Misadventures in source control

Or, what Present!Me ever do to Past!Me?

I observed a while ago on Twitter that learning git (for all its headaches) was valuable for me:

This was on my mind because I recently set about curating (and selecting for either skill review or public presentation) all the personal software projects I worked on as a student. It was a vivid reminder of how much I learned then and in the few years since.

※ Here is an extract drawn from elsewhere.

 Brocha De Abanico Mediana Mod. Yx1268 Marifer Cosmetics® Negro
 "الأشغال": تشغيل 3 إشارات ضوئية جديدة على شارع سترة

Every day since then I have observed more version control errors of mine, and at some point I thought it worth gathering my observations into one post. Here is a non-comprehensive list of the mistakes I observed in my workflows from years past:

  • a bunch of directories called archive, sometimes nested two or three deep
  • inconsistent naming scheme so that archive and old in multiple capitalization flavors were together
  • combinations of the first two: I kid you not, cs350/old-string-compare/archive/archive/old is a path to some files in my (actual, high-level, left-as-it-was-on-final-exam-day) archive
  • multiple versions OF THE SAME REPO with differing levels of completion, features, etc. (sure, branching is tricky but… really?)
  • no apparent rhyme or reason in the sorting at all – a program to find the area under a curve by dividing it up into trapezoids and summing the trapezoid area was next to a program to return a list of all primes less than X, and next to both of those was a project entirely about running software through CUDA, which is a platform not a problem
  • timestamps long since lost because I copied files through various servers without preserving metadata when I was initially archiving
  • inconsistent use of README‘s that would inform of me of, say, how to compile a program with mpicc rather than gcc or how to submit a job to qsub
  • files stored on different servers with no real reason for any of them to be in any particular place
  • binaries in some directories but not others
  • Makefiles in some directories but not others

(You may have noticed that parallelism is a recurring theme here, and that’s because it was a parallel and distributed computing course where I realized that my workflows weren’t right. I didn’t learn how to fix that problem in time to go from a B to an A in the course, but after that class I did start improving my efficiency and consistency.)

To be fair to myself and to anyone who might find this eerily familiar: I never learned programming before college, so much of my college years were spent catching up on the basics that a lot of people already knew when they got there. Earlham is a place that values experiment, learn-by-doing, jumping into the pool rather than (or above and beyond) reading a book about swimming, etc. Which is good! I learned vastly more that way than I might have otherwise.

What’s more, I understand that git isn’t easy to pick up quickly and poses problems for accessibility to newcomers. Still I can’t help but look at my own work and consider it vastly superior to trying to make this up as you go. It’s well worth the time to learn.

Git and related software carpentry were not something I learned until quite a while into my education. And that’s a bit of a shame, to me: if you’re trying to figure out (as I clearly was) how to manage a workflow, do appropriate file naming, etc. concurrently with learning to code, you end up in a thicket of barely-sorted, unhelpfully-named, badly-organized code.

And then neither becomes especially fun, frankly.

I’ve enjoyed the coding I’ve done since about my junior year in college much more than before that, because I finally learned to get out of my own way.